Fool in Trance

それはあった。それは二度とないだろう。思い出せ。

『映画のディストピア』(洋泉社) 

映画のディストピア

映画のディストピア


 意欲的な映画MOOKを連発する洋泉社の新刊『映画のディストピア』読了。『ベンドシニスター』からの流れ、という訳ではないのだけれど。たまたまです。今やSF映画の一ジャンルとしてマニアだけでなく一般の映画ファンにも認知された感のある「ディストピア映画」。映画で描かれた管理社会、警察国家、システムによる相互監視社会、といった昨今洒落にならない暗い未来世界についての論考が掲載された興味深い1冊であった。
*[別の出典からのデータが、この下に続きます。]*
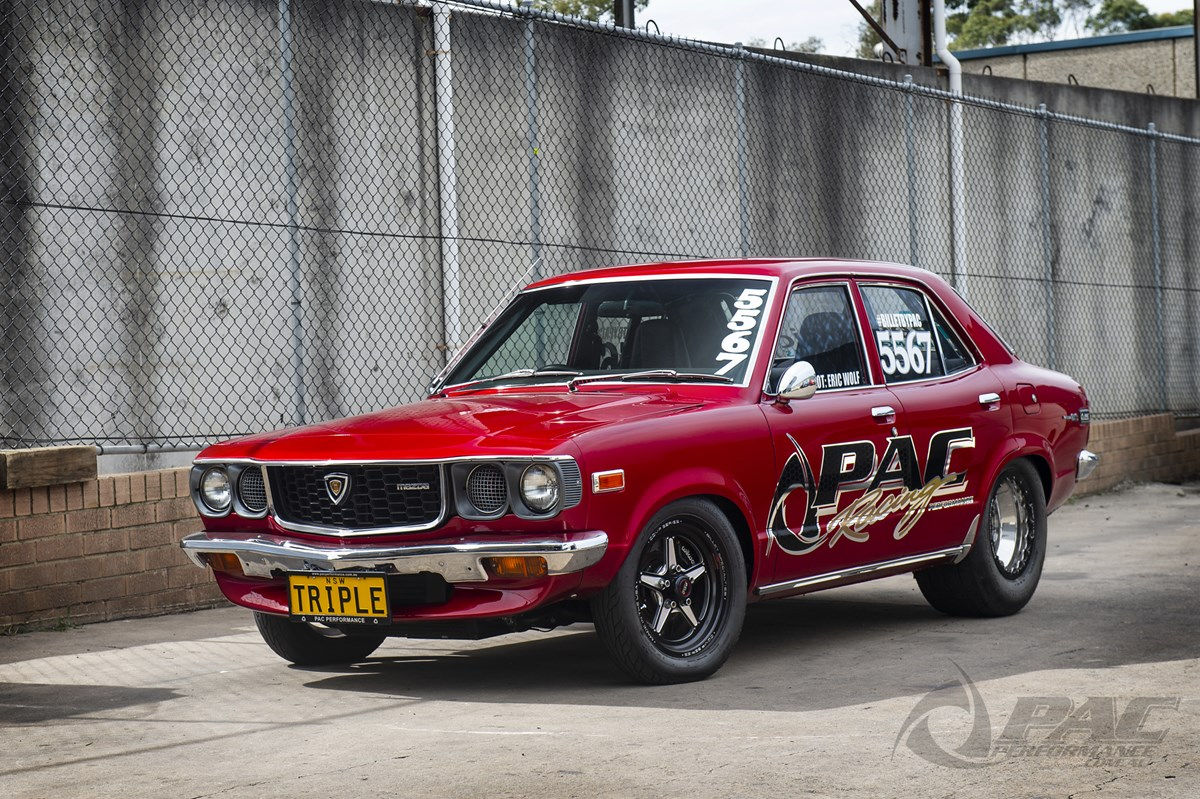 Wallpaper #-2cOBJMBSpphPi3-_LVI67 Triple 20b Rx3 7 Second Street Car Pac Performance Racing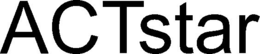 ACTSTAR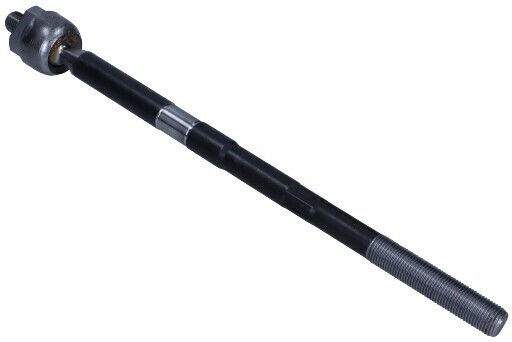 Μπάρα Τιμονιού Vw Passat 88-97 Αριστερή Ή Δεξιά 357 422 810 A
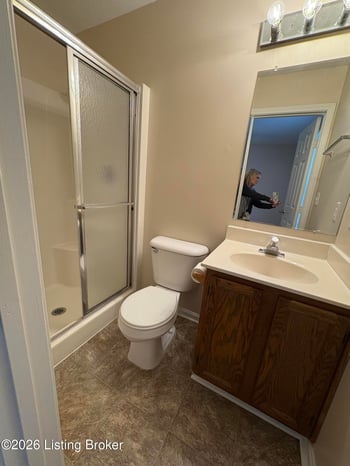 7907 Canonero Way, Louisville, KY 40291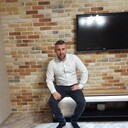 ���������� ������, ���� ������� �������, 35 ���, ������������ ��� ������, ����� � ���������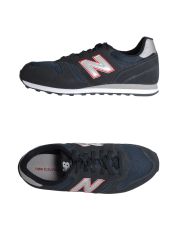 NEW BALANCE - Sneakers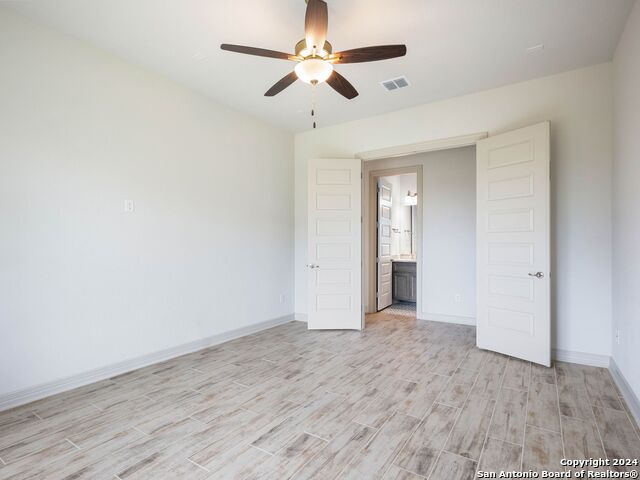 Image 28 of 57 For 34744 Casita Creek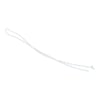 Husqvarna Chainsaw Starter Cord - Image 2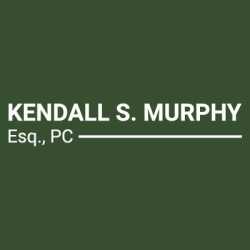 Kendall S. Murphy, Esq., PC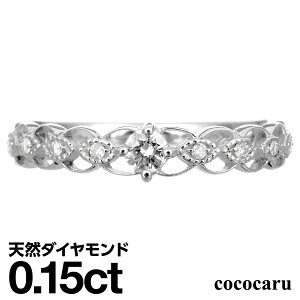 v`i O Pt900 t@bVO VR_C _Ch O iۏ؏ AM[ {  WG[ v[g Mtg NX}X Ǝ w  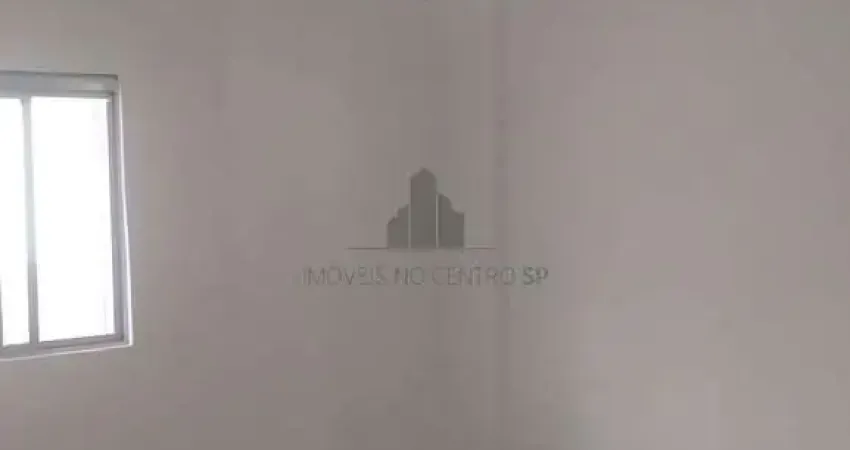 Apartamento com 2 quartos à venda na Rua Pamplona, Jardim Paulista, São Paulo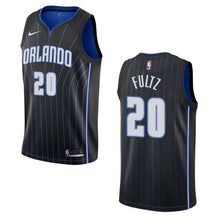 Load image into Gallery viewer, Fultz Jersey
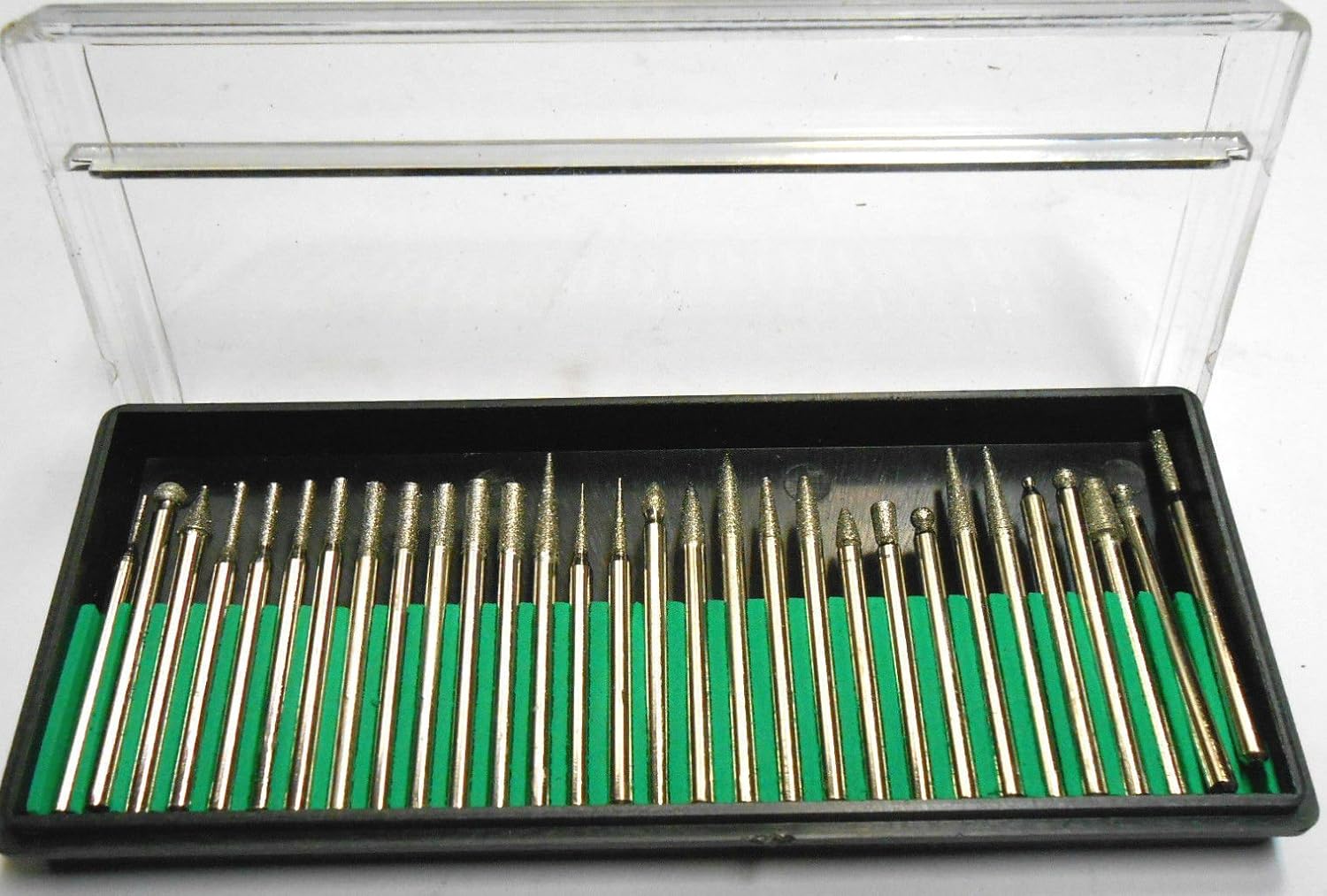 81RRweI5DcL._AC_SL1500_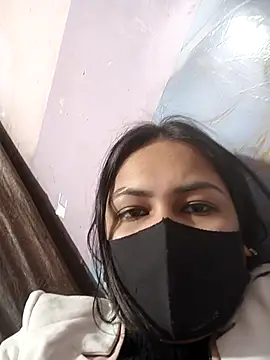 sanu 07 online show from January 15, 5:23 am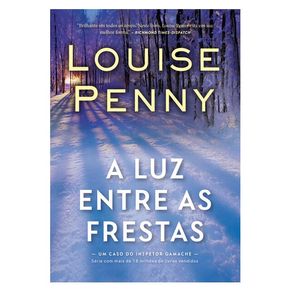 1148858.jpg 1148858.jpg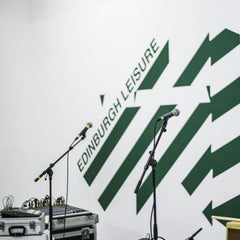 Edinburgh Leisure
 執筆者と内容は次の通り。中原昌也ディストピア映画について」、ノーマン・イングランド「猿たちのディストピア」、小野寺生哉「フィルマゲドンとは何か」、寺沢孝秀「暗黒未来の警官たち」「殺人が娯楽になる世界」「イディオクラシー」、ナマニク「ディストピアを生きる」、高橋ヨシキ×鷲巣義明による対談「『ゼイリブ』をめぐって」、高橋ヨシキ「完全なるユートピア、そこに宿る神性 ディストピアの時代がやってきた」。巻頭の「ディストピア映画について」は、中原氏がこれまで様々なメディアや自作小説で訴えてきたことの延長線上にある内容だが、文章に氏の持ち味であるユーモアが無いのが衝撃的。それ故に氏の切実な危機感、本書の本気度が伝わってくる。執筆者が皆一様に書いているのは「SF映画の定番設定としてディストピアものを見ていたはずが、いつの間にか俺たち現実にディストピアに暮らしているぞ」ということ。これは本書に指摘されるまでもなく実感があるので、気が重くなる。


 本書ではこのジャンルに属する様々なタイトルが取り上げられている。ディストピアといえば真っ先にタイトルが上がる『1984』から、そのバリエーションである『未来世紀ブラジル』『THX1138』『2300年未来への旅』、『猿の惑星』シリーズ、荒廃した未来社会のイメージを決定付けた『ブレードランナー』や『マッドマックス2』、管理社会の娯楽として殺人ショーアップして見せる『デスレース2000年』『バトルランナー』『ハンガー・ゲーム』『ローラーボール』、世界中が馬鹿しかいなくなった未来世界を描く『イディオクラシー』、等々・・・。中でも対談と言う形で大きく取り上げられているのがジョン・カーペンターの『ゼイリブ』だ。高橋ヨシキ鷲巣義明両氏の熱い言葉を読んでいたら、久しぶりに見直したくなった。